Wash and peel the potatoes and cut them into small cubes. Sprinkle pepper powder, cumin powder and coriander powder on them. Heat oil in a pan and add these potatoes. Cook covered on medium heat till the potatoes are 3/4th cooked. Then remove the cover and cook them on high heat stirring continuously. The potatoes should be a little caramelized on all sides. Sprinkle garam masala on the potatoes. Serve how with roti or rice.

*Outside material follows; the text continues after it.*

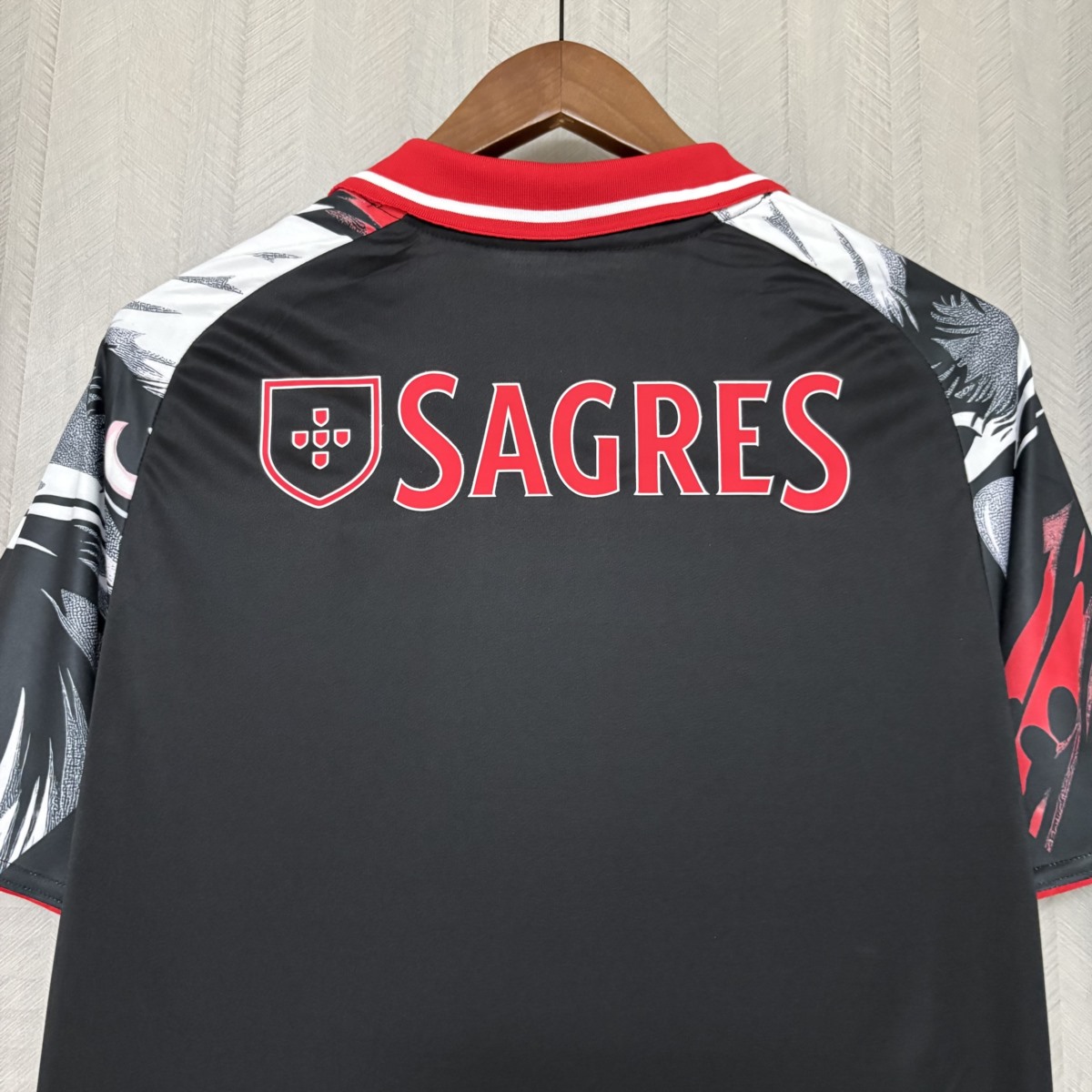 2026 Benfica Special Eagle Jersey Fan version Black & White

Preparation time: 25 minutes
Serves: 3-4

Kala Chana Sabzi / Chane Upkari

Chana sabzi is made during many festivals or special occasions. During Ganesh Chaturthi, this is served as prashad. This is one of my favorite sabzi's and I even have it as a snack with tea.


1 1/2 cup kala chana
2 tablespoon grated coconut
3 green chilies
2 teaspoon mustard seeds
salt for taste
1/2 teaspoon sugar
1 tablespoon oil
5 pinches asafoetida
10-12 curry leaves or kadipatta

Wash and soak the kala chana for 8 to 10 hours or overnight. Pressure cook it with 1/2 teaspoon salt for 2-3 whistles or till soft. In a pan add oil, asafoetida and mustard seeds. When the mustard seeds splutter, add slit green chili and curry leaves. Fry for a minute and add the boiled chana. Don't discard the water which was used to boil chana. You can make saar or chana rasam out of this. Add salt and sugar as per taste. Add a cup of water and cook the chana for 10 minutes. Garnish with coconut and serve hot with rice or roti.